Patrick, Aaron O. 2008. “Candy Companies Blame Higher Prices On Hedge Funds’ Chocolate Cravings.” Wall Street Journal (28 May): p. C 1.
http://online.wsj.com/article/SB121192457563024139.html?mod=todays_us_nonsub_money_and_investing
“Soaring cocoa prices are driving up the cost of chocolate around the world. The chocolate industry points its finger at speculative buying by professional investors, especially hedge funds.”
“They definitely influence the market and the prices,” says Bernd Rossler, a spokesman for August Storck KG, one of Germany’s bigger chocolate makers. “There is a lot of money invested in [cocoa], and it is coming from hedge funds.”
“Shipped around the world as a powder, paste, liquor or butter, cocoa sells for about $2,600 a metric ton on New York’s Intercontinental Exchange, up from $1,700 at the beginning of 2007.”
“Cocoa investors acknowledge that they can affect prices but say their influence is strictly short term. Any increase in prices should lead to farmers growing more cacao trees, which produce cocoa beans, driving prices down again, they say.”
“One of the puzzles behind the cocoa-price increase is that it doesn’t appear to reflect an imbalance between supply and demand. In the year ending in September, there will be almost enough cocoa grown to meet the world’s needs, according to the International Cocoa Organization, a trade group.
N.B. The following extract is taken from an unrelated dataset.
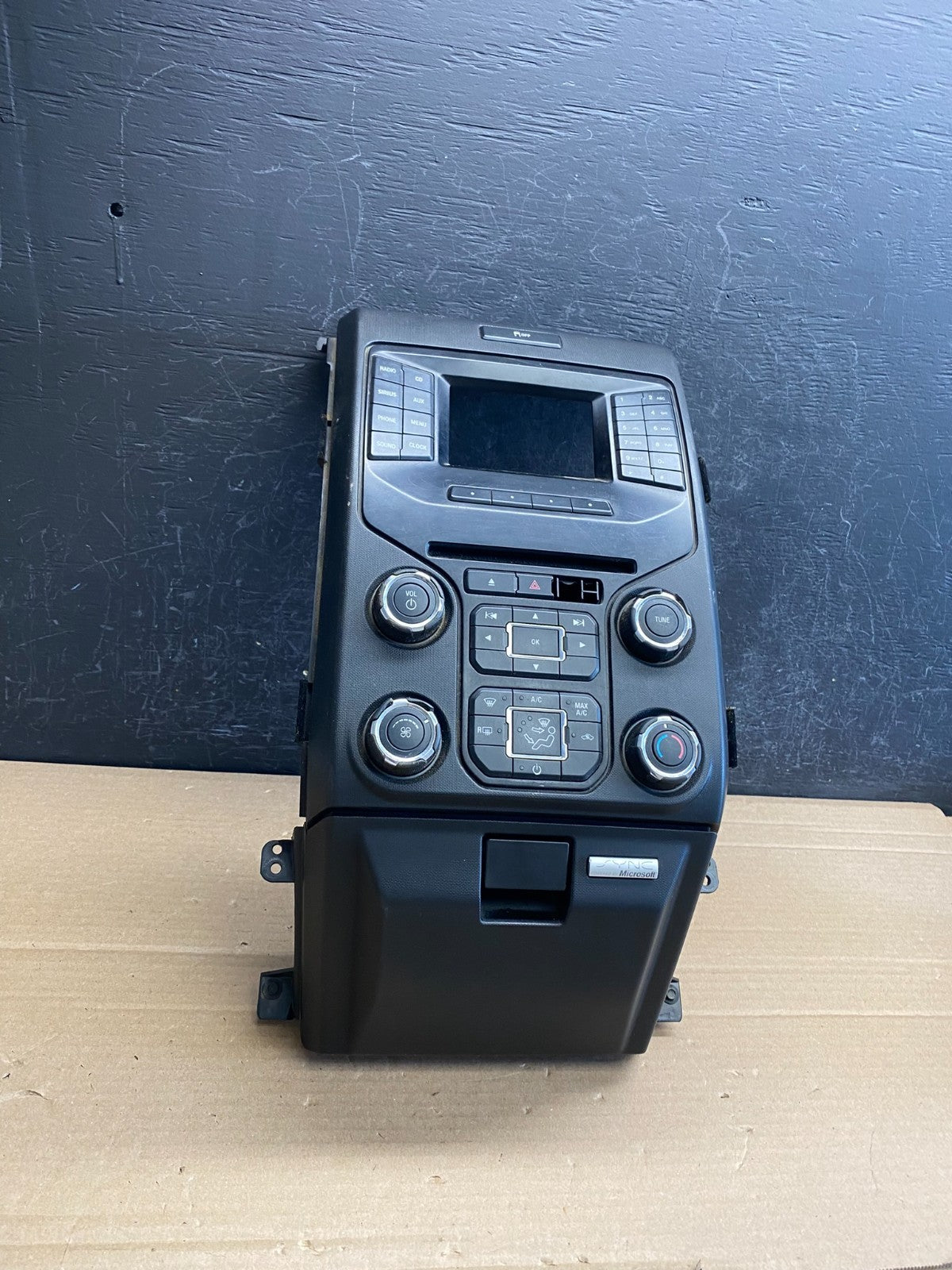 2013 Ford F150 Heater Climate Control Radio Control Dash Bezel OE AG0053 DG0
The expected 51,000-metric-ton shortfall isn’t particularly large and can easily be covered by existing stock, the group says. “The fundamentals do not justify this price, and I haven’t heard of any other explanation other than [investment] funds,” says Hagen Streichert, a German government official and the spokesman for cocoa-buying countries on the International Cocoa Council.”